**What is required**
Each line from the one containing "761 Bay St, unit 3813 for rent" to the end of the listing below should be repeated exactly, with no other line included.

**Records**
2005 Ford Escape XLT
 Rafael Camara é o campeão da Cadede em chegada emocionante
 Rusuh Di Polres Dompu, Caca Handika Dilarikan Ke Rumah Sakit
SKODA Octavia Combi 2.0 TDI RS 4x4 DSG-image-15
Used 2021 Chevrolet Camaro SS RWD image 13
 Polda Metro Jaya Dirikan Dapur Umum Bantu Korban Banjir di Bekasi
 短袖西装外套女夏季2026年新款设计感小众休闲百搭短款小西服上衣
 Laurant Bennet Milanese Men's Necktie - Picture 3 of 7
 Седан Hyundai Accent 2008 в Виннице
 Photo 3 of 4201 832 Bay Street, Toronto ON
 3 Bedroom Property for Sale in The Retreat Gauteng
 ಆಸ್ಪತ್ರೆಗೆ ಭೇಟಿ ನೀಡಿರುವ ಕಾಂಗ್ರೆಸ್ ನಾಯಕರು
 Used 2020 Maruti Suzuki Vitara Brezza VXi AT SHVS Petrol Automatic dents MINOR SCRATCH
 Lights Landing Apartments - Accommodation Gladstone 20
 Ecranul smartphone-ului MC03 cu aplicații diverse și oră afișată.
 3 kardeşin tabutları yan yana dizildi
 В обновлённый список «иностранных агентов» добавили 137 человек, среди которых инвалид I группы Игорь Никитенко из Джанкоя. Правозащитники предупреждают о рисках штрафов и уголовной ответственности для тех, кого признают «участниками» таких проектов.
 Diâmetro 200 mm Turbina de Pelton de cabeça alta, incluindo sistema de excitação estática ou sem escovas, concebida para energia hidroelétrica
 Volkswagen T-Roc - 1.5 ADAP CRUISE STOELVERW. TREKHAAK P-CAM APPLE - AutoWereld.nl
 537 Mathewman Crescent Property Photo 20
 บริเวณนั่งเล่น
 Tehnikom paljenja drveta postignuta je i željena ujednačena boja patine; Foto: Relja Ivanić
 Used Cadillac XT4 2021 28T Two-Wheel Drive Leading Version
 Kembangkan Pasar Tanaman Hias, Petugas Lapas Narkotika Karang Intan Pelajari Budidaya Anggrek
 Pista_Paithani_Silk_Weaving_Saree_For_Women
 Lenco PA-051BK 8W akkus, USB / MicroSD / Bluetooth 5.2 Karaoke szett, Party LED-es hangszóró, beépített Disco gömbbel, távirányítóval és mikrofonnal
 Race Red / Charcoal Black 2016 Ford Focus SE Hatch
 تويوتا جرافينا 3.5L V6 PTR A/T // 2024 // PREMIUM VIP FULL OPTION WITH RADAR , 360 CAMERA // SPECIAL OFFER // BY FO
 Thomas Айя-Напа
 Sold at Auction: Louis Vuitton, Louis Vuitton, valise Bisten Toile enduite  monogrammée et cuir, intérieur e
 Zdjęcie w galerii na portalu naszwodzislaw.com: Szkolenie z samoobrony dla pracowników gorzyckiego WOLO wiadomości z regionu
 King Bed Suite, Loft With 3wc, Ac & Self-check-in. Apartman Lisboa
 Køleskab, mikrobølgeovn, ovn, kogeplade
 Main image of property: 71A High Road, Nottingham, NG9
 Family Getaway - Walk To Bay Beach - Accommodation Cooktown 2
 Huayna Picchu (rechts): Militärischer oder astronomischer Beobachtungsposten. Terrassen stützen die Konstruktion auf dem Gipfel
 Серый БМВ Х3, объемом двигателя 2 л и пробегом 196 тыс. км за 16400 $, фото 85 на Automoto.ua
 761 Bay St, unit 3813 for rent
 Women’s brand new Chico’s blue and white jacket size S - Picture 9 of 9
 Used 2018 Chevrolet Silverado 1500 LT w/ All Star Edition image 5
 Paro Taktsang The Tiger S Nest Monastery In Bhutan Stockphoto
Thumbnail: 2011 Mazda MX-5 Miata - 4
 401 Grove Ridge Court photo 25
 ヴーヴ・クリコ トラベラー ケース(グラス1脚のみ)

**Exercise response**
 761 Bay St, unit 3813 for rent
 Women’s brand new Chico’s blue and white jacket size S - Picture 9 of 9
 Used 2018 Chevrolet Silverado 1500 LT w/ All Star Edition image 5
 Paro Taktsang The Tiger S Nest Monastery In Bhutan Stockphoto
Thumbnail: 2011 Mazda MX-5 Miata - 4
 401 Grove Ridge Court photo 25
 ヴーヴ・クリコ トラベラー ケース(グラス1脚のみ)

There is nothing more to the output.